As is often the case with acute lower back pain, I have no idea why this is occurring. I woke up with a mild ache on the right side which is causing me to move much slower than I usually would. Like everyone else in this situation I’m tracing back over my activities for the past few days. I started yesterday with a short workout before treating patients…nothing out of the ordinary. So what should I do? Perhaps I should try and figure out the diagnosis! Should I look it up on Google? Ha! In case you can’t pick up on my tone, I would strongly recommend against searching the internet for a diagnosis of your condition. Usually, Dr. Google is wrong. I’m fortunate that I can ask my wife for her opinion (she’s also a Chiropractor). If I didn’t have this luxury I should seek the help of a qualified health professional with the education (and legal right) to diagnose my condition.

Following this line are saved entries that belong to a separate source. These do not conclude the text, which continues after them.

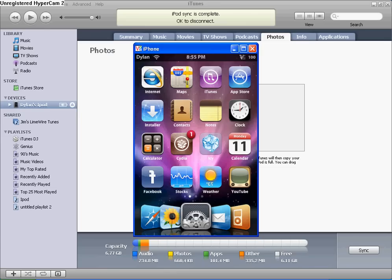If yours does not work, try and go into Winterboard. Once you get to Winterboard, scroll down to the very - well, not totally to the bottom. Make sure User Wallpaper is checked off. Then go back and it should work.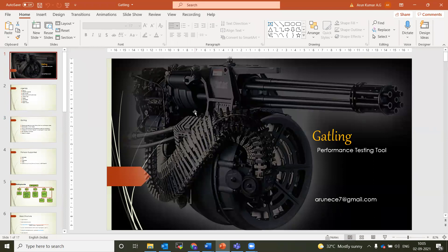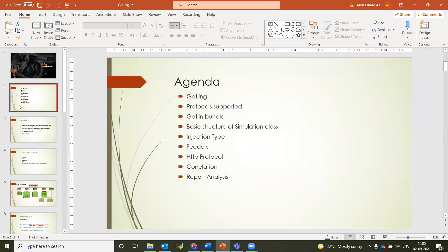Good morning everyone. Today we are going to look at Gatling, a performance testing tool. The main agenda for today's call: we will see what Gatling is, what protocols it supports, the Gatling bundle — which is open source — its basic structure, and how we can use the open source Gatling bundle for performance testing, including how to write a simulation class.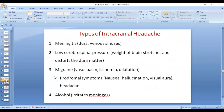When we talk about intracranial headache, it could be caused by meningitis, in which there is inflammation of the coverings of the brain — the dura mater. Low intracranial pressure, in which the weight of the brain stretches and distorts the dura mater. It can also be caused by migraine, in which there is vasospasm, then ischemia, then dilatation due to release of vasodilatory substances. Migraine is usually a headache preceded by aura — prodromal symptoms — with nausea, hallucination, and visual aura. Alcohol also causes intracranial headache because it irritates the meninges.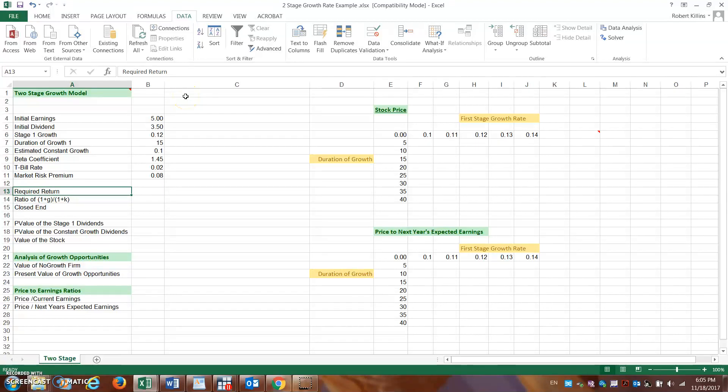Hello everybody, we're going to walk through a two-stage growth rate example in terms of how to value a dividend-paying firm. Instead of using the simple constant growth rate model, we're going to level up using a two-stage growth model where the growth of the firm changes over time. There are also multiple multi-stage growth rate examples — firms can go through three, four, five, or six stages.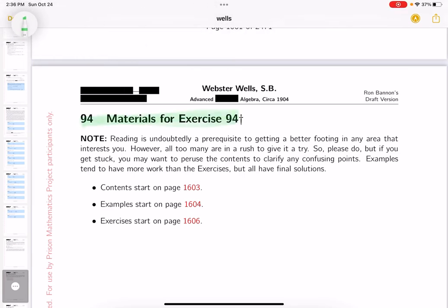We're in section 94. Contents to look at, examples to do, and then get busy with the exercises.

In the meantime, before I get an opportunity to see a health professional, what should I do? The following are some common recommendations that our clinic gives our patients. Keep in mind that this is not “official advice”. Think of it more as some general information for interest sake. These recommendations are based on scientific evidence and some educated common sense. If you’re a patient of ours you likely recognize some of it!
Many people like the feeling of heat. Although this might provide some temporary relief, it isn’t likely to help. If anything, it has a greater chance of prolonging your recovery. We usually recommend the application of ice in short duration. Ten minutes on, ten minutes off, ten minutes on. The purpose of ice is to assist in reducing inflammation.
In the past we would recommend that patients with acute lower back pain lie in bed for a few days and allow healing to occur. The scientific evidence doesn’t support this. We usually recommend to our patients that they try to keep moving as best they can without exacerbating their condition. A good brisk walk is generally the idea.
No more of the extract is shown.